Dataset excerpts
------------------------------

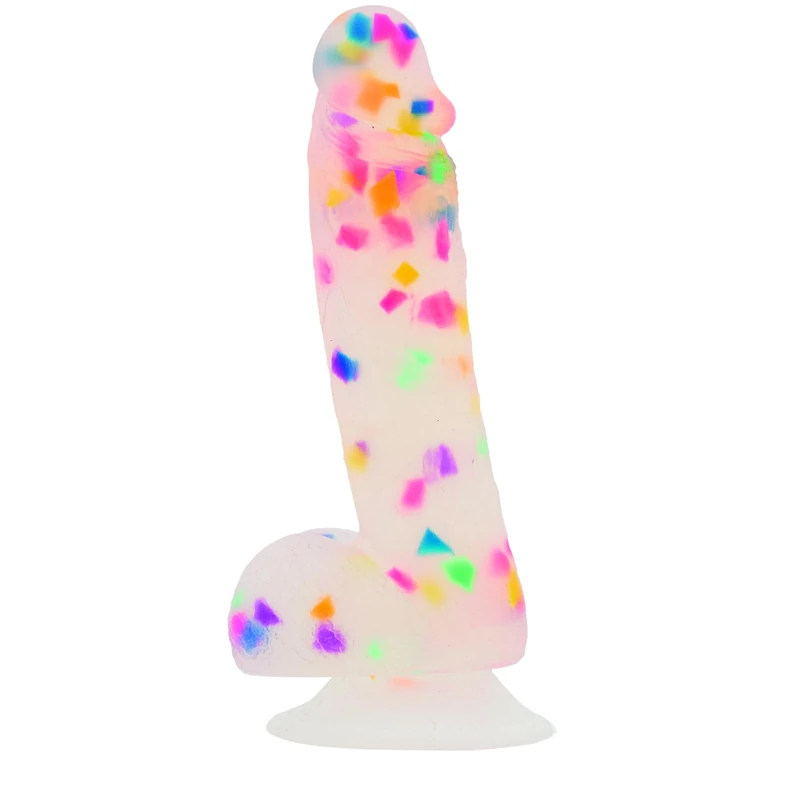 Addiction Dildos-E31773 Transparent 19 cm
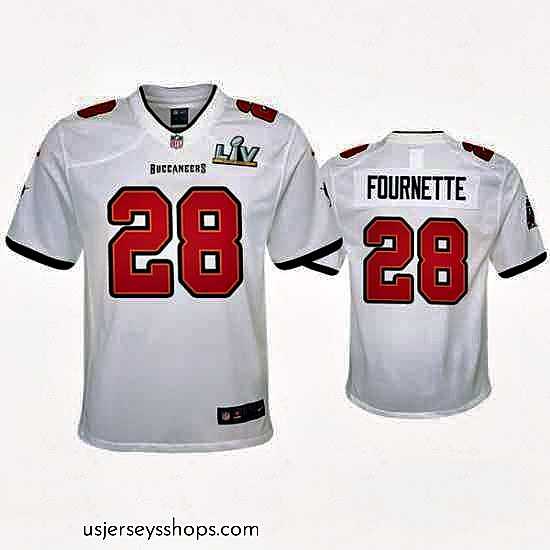 Magnificent Leonard Fournette Buccaneers White Super Bowl Lv Game Jersey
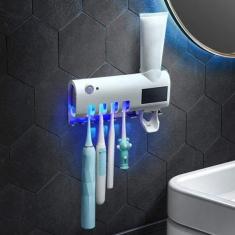 Imagem de Suporte Dispenser De Pasta De Dente Com Esterelizador UV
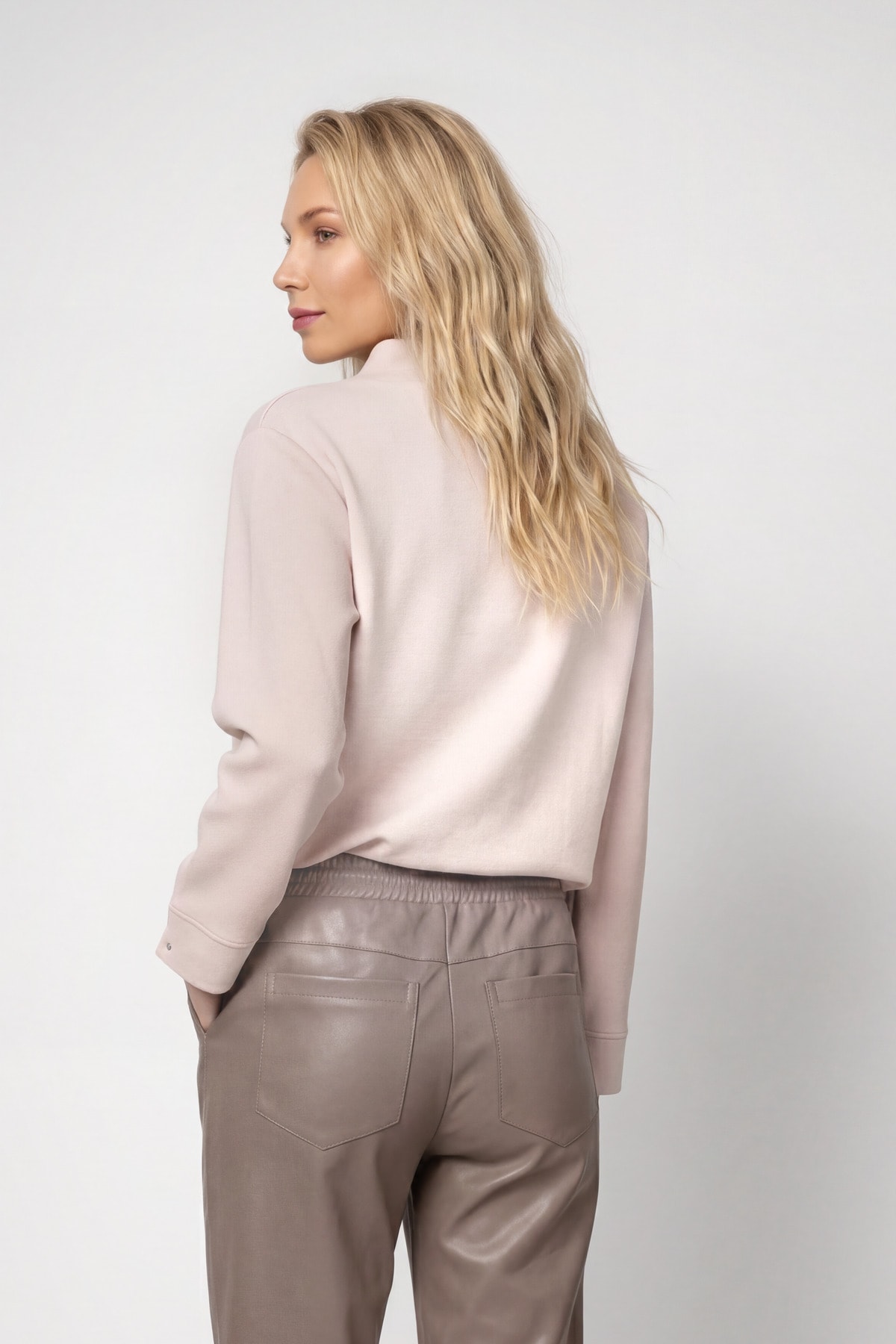 Monari Sweatshirt »Sweatshirt Basic Sweat«, Regular fit mit Stehkragen
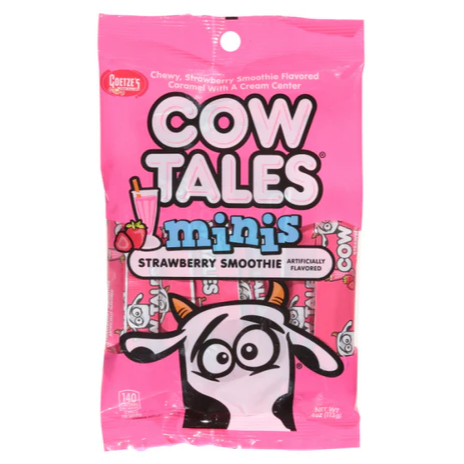 Cow Tales Minis - Strawberry Smoothie Peg Bag 113g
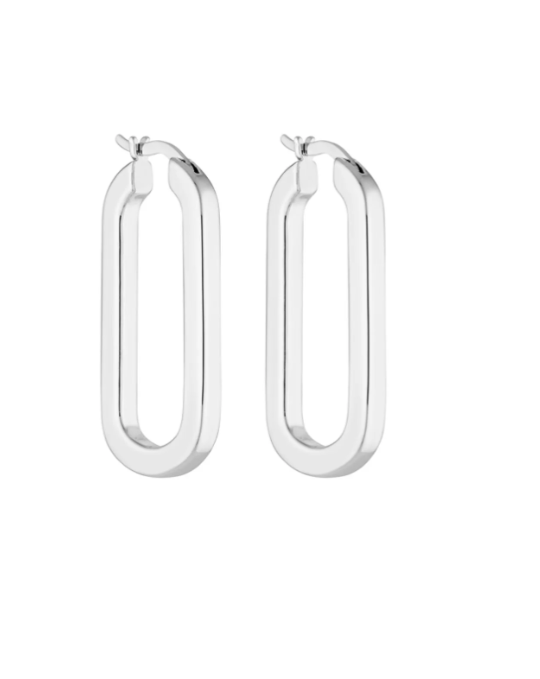 Porter Baby Oval Hoops Silver
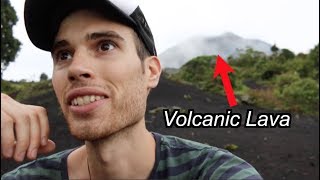 WE SAW LAVA IN GUATEMALA! — Pacaya Volcano Overnight Hike Vlog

------------------------------

### TASK DETAILS
Please repeat the lines above from the line containing "Cow Tales Minis" through the final line, both included, exactly as they stand and without pictures.

### EXERCISE RESPONSE
 Cow Tales Minis - Strawberry Smoothie Peg Bag 113g
 Porter Baby Oval Hoops Silver
 WE SAW LAVA IN GUATEMALA! — Pacaya Volcano Overnight Hike Vlog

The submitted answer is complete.